Before looking at the Boyer-Moore algorithm (and some extensions), it’s worth examining just how important these kind of algorithms are, and the ability to determine values from a stream, or incrementally. I’ve written a little about this before in this article about incremental means and variance.

Imagine you have a stream of numbers and want to calculate the mean of these numbers. It’s easy to see that you don’t need to keep track of all the individual numbers you have seen. All you need is to keep a running total of the sum of the input, and the number of items seen to calculate the mean. With a little extra math (Storing the sum of the squares of the input), it’s possible to determine the variance (and thus Standard Deviation) of the set without having to store the individual numbers. This is how your pocket calculator statistics functions work.

(Practically, however, there could be issues with this approach to means/variance at scale because of precision issues, and potential overflows, so with a little math it’s possible to come up with incremental formulas for mean and variance that don’t rely on having to keep track of the sum and sum of squares, but instead derive their answer based on the last results for these values, and how these are changed by the current sample. The derivation of these incremental formulae is given here).

Mode and Median

Interestingly, returning to the heavy hitters, if we apply the majority element restriction to a stream of numbers we can see that the search for the Modal element reduces down to finding the Median (Because, if there is a Majority element, by definition, it has to span the Median). If our stream were sorted, and there was a guarantee of a majority element, we could find the most popular element by simply taking the middle element!

Pairing off

To see how Boyer-Moore works it’s first helpful to think about pairing off, and casting out, distinct pairs of elements.

Returning to our bucket of containing n balls. Let’s imagine that there is a majority element, and this is a red ball with |red|>n/2.

As a thought experiment, imagine if we pulled balls out of the bucket in distinct pairs, then threw these pairs of balls away. There are only two possible kinds sets we can pull the pairs of balls out as. The first is a red ball and some other colour, and the second is two distinct colours that are not red:

{red_ball, something_else_1}

{something_else_1, something_else_2}

In either case, the concentration of red balls left in the bucket increases.

When we throw away a pair of non-red balls (for instance a green ball and a white ball), we’re reducing the number of balls left in the bucket, but the number of red balls stays the same. If we pick up a red ball and something else, yes, we’re removing a red ball and reducing the number left, but since there are more than n/2 balls that are red, even if we happened to pick a red ball with every pair, there would still be at least one red ball left after we can’t pair up any more distinct balls.

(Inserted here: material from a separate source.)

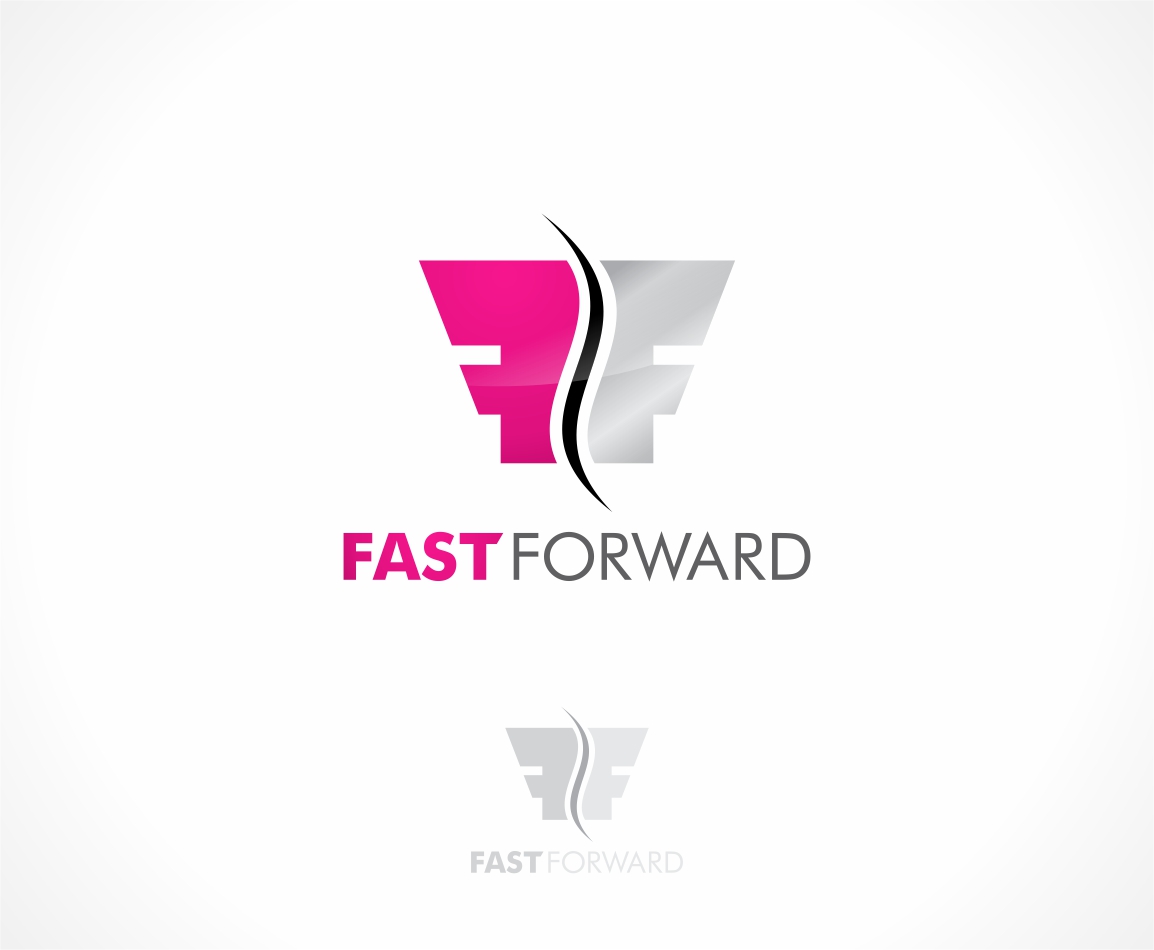 Diseño de Logo por yanuaryanuar para Fast Forward | Diseño #9577358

Eventually we’ll only be left with red ball(s) in the bucket; unable to distinctly pair off anything else, and proving that red is the majority element.

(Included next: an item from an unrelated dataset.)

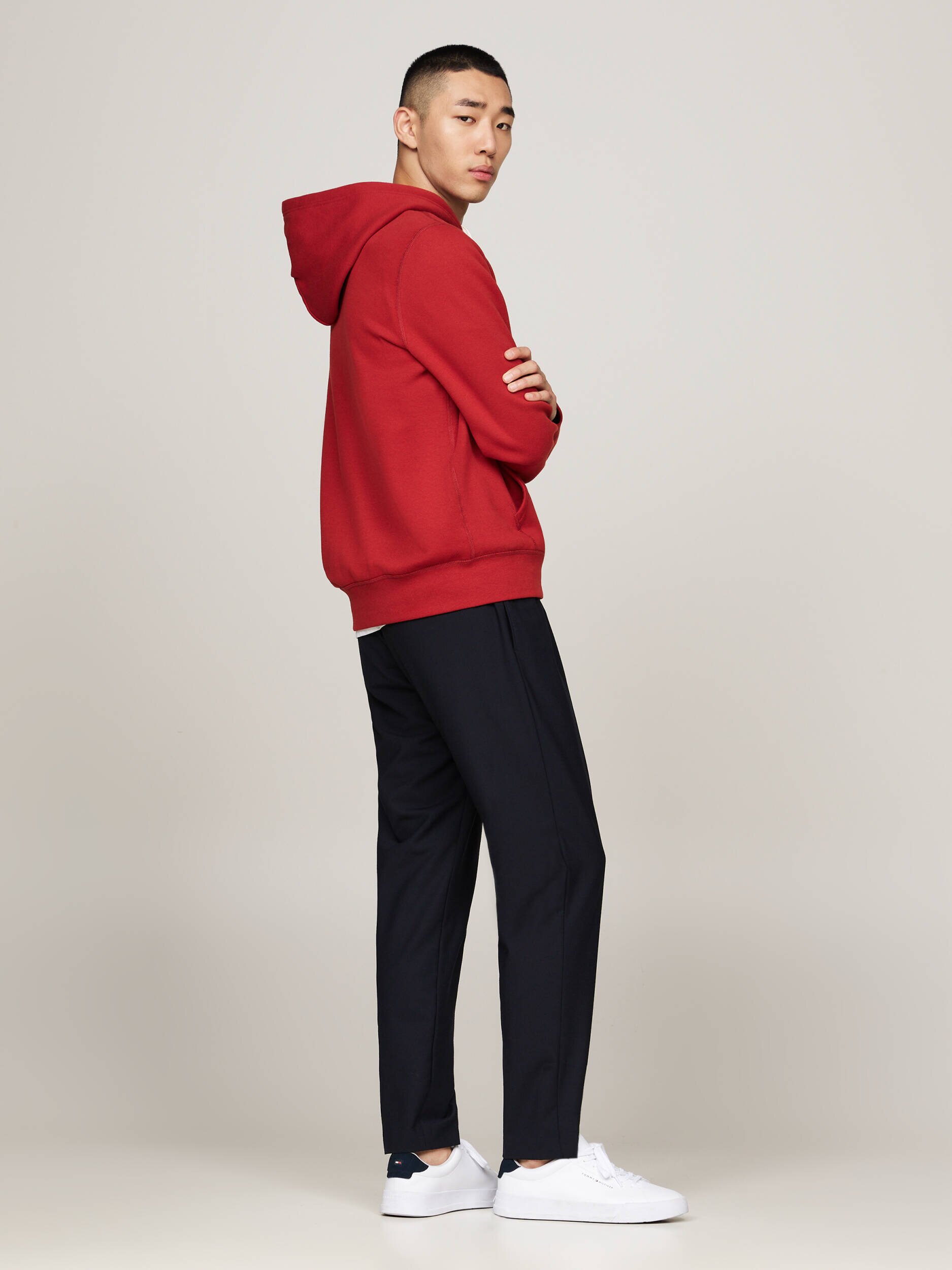 Tommy Hilfiger Hanorac | Regular Fit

To be honest, we don’t care about what the colours of the balls are if they are not the majority element, and this is the heart of the Boyer-Moores majority algorithm (shown below). What the algorithm does is walk through the stream keeping track of a candidate item for the majority element. Every element that comes along that confirms this candidate, increases the belief and increments a counter. Every element that comes along that refutes the current candidate decrements the counter on this candidate (analogous to casting out pairs). We only need to keep track of the current candidate, which may change many times through the pass, however, as the frequency count is a conservative field, it does not matter that path to get there, the result will always be the same.

If your favourite soccer team wins a game with a score of 4–3, it does not matter if your team score all four of their goals first, then the opponents clawed back three, or if the opponents scored all their three goals first, then you did, or if the lead vacillated between your team and the opponents and the lead changed multiple times through the game. At the end of the day, the goal difference is still the same, no matter what order the goals were scored in. For more interesting consequences of this, check out this article about Bertrand’s Ballot.

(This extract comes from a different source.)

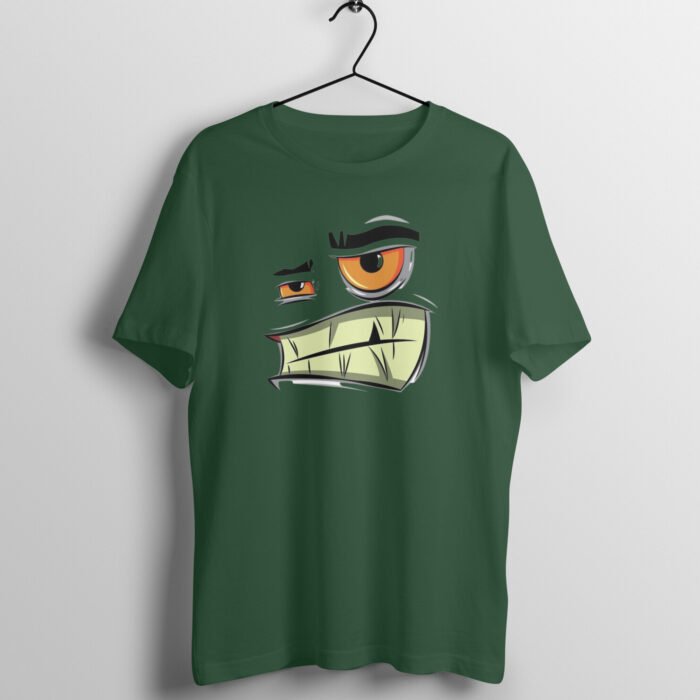 Maskman T-Shirt - Image 9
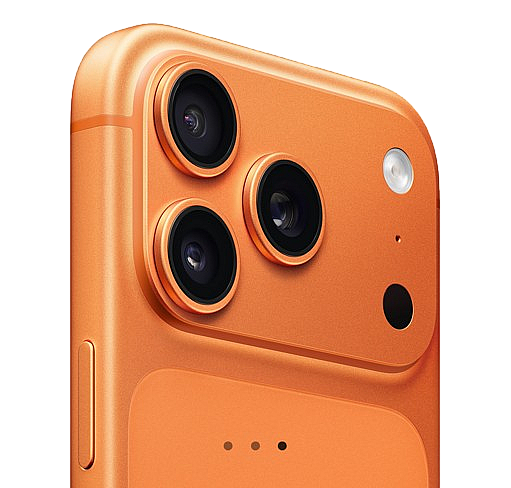 Apple iPhone 17 Pro 256 GB Cosmic Orange MG8H4ZD/A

It’s interesting to see how the lead might change (what the current candidate happens to be in Boyer-Moores), but at the end of the day, the only thing that matters is what the final score is.

Pseudo Code

Here's the code for the Boyer-Moore majority algorithm. It's simple and elegant.


for i = 1 to n
 if (count==0) {candidate=A[i]; count=1;}
 else if (A[i]==candidate) {count++;}
 else {count--;}
next

Items are read from the stream, one by one. If there is no current candidate (either at the start of the algorithm, or because the count has been decremented to zero), then the current element is selected as the candidate and its count set to one.

If there is already a candidate, and the current element matches this, then the count is incremented. We're getting reinforcement that the current candidate is the modal item.

Finally, if the current element does not match, we decrement the count (this is like casting out pairs).

Once we've read the entire stream the finished candidate will hold the majority element.

NOTE - Even though the current candidate shows what the majority element is, it does not, show what the frequency of this element is. In order to do this, a second pass has to be made through the list (knowing now what the majority element is), and counting, absolutely, the elements that match (it is not possible for a sublinear-space algorithm to determine whether there exists a majority element in a single pass through the input).

Here's a sample walkthrough of the algorithm. The stream is shown moving left to right, and the individial elements shown in the top row. The second row is the current candidate, and the third row the count for this candidate.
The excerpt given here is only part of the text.